1 Corinthians 10:12-13

There is no need for us to fail. Trials and tests will come—and they will be common tests. They will not be something so unusual that our situation will be absolutely unique. But God is faithful in that He promises to provide us a way out of it—not avoiding it, but through it.

John W. Ritenbaugh
Passover and I Corinthians 10



1 Corinthians 10:12-14

This passage appears in the midst of an epistle detailing the problems of a tumultuous congregation. Paul draws on the experiences of Israel in the wilderness as examples to us. He concludes by telling them, despite what manner of sin each individual was involved in, to turn their attention to overcoming idolatry. In others words, idolatry sat at the foundation and was ultimately the cause of whatever their sin happened to be.

John W. Ritenbaugh
The First Commandment



1 Corinthians 10:12

This verse warns that we must not presume at this time, while there is still time for us to get in shape, that because God has not come down on us like a ton of bricks, everything is fine with our character and attitudes.

Paul includes this verse in a context that lists three or four of Israel's outstanding sins. Could they have also thought that they were in good standing when they were not? Were they presuming something? The answer is likely, yes, they showed a careless presumption by their lack of concern about works—by their belief that God is so merciful that He will accept any old attitudes and behaviors and just overlook them. However, by doing that, God would not be showing love because they would not be prepared for the Kingdom of God. Without that preparation, they would not fit into the culture around them and be absolutely miserable in the Kingdom of God.

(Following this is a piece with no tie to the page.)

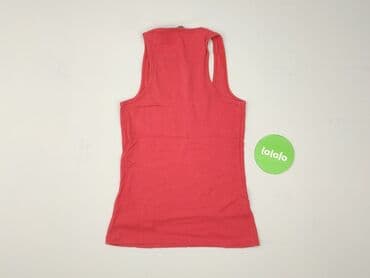 koszulka barcelony 2223 lewandowski: Mango, Women`s T-shirt, size S (EU 36) — 3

The presumption that Paul is talking about is the same flaw that appears in the Laodicean's thinking, revealed when he says, "I am rich, have become wealthy, and have need of nothing" (Revelation 3:17). They felt very good about themselves, but everything was not all right. Their self-satisfaction reveals that their judgment is far from reality, which is that God threatens to vomit them out (verse 16)! We can see what the sin of a Laodicean is. It is presumption, self-satisfaction that everything is okay.

Because of his lack of faith in the knowledge of God, the Laodicean is deceived into thinking, as Ezekiel 8:12 says, "The LORD does not see us, the LORD has forsaken the land." In other words, they believe that God does not care. But God has always cared—not even for one second since Adam and Eve has He stopped caring!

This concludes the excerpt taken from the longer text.